Beware

One day I looked to see what my horoscope said
"Beware of bullshit," I read

I shook my head 'cause I don't need to worry
Sweet talk has never before fazed me

But then I met him
It's me he's trying to win

And he's using every trick in the book
And now the phone's ringing off the hook

He calls me baby and sweetheart
Says I'm perfect, says I have his heart

Says he broke up with his girlfriend
Sometime over the weekend

Says he couldn't stop thinking of me
Whenever he called her baby

Says she's no longer in the picture
No need to worry about her

So why are there pictures of them on his Myspace?
Why does she have is number 1 top friend place?

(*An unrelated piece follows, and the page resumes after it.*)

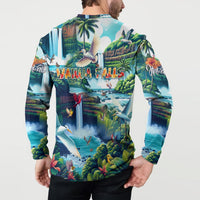 Wailua Falls Hawaii Button Sweatshirt Kauai Natural Beauty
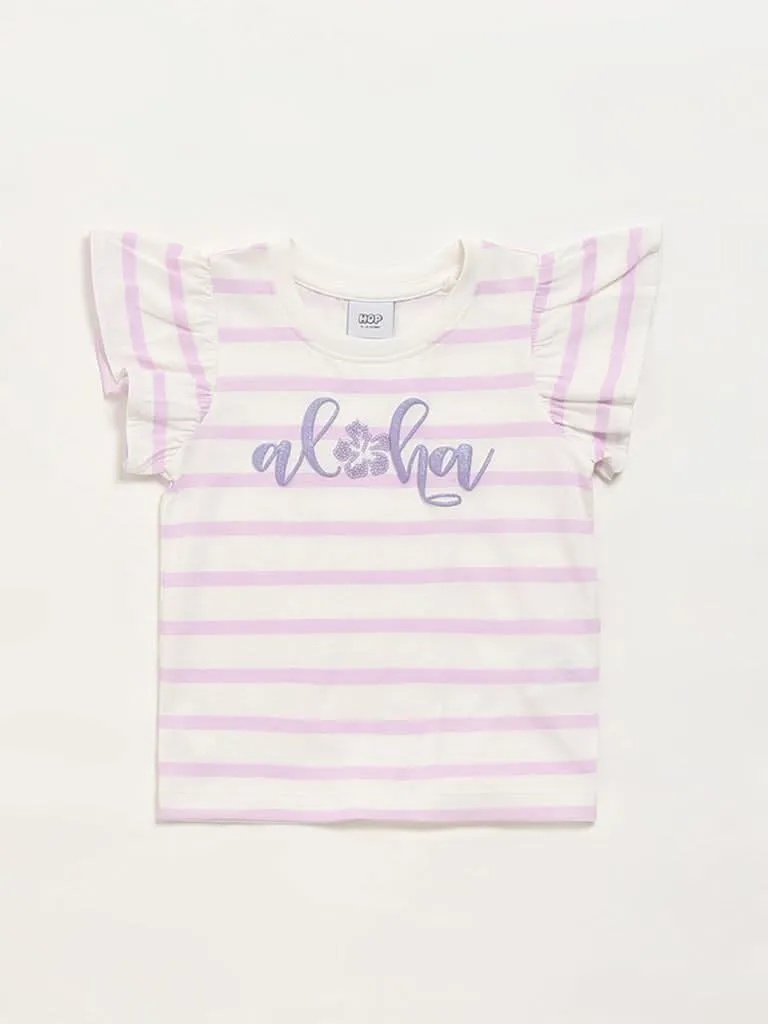 HOP Kids Lilac Striped Top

Why is her profile all about him?
Why is he all she talks about in gym?

Why does she say he's her soul mate?
And Friday they're going out on a date?

I don't mean to be paranoid
I really shouldn't be so afraid

After all, he says he loves me
But I can't get rid of this jealousy

I try to believe him
I try to trust him

But I can't rid myself of this feeling
That I'm not the only girl he's seeing

I don't think their relationship ended
I think I'm getting played

But I can't bring myself to say anything
For fear it'll stop his loving

And if I say it out loud
If his indiscretions are found

It won't seem crazy anymore
Just in my mind, like before

It'll make it true
I won't know what to do

I don't want to feel used
I don't want to feel abused

I don't care if he lies to make me feel adored
The truth would just pierce my heart like a sword

As they say, ignorance is bliss
I can see the sign that I did miss

Shit.
I should have listened to my horoscope.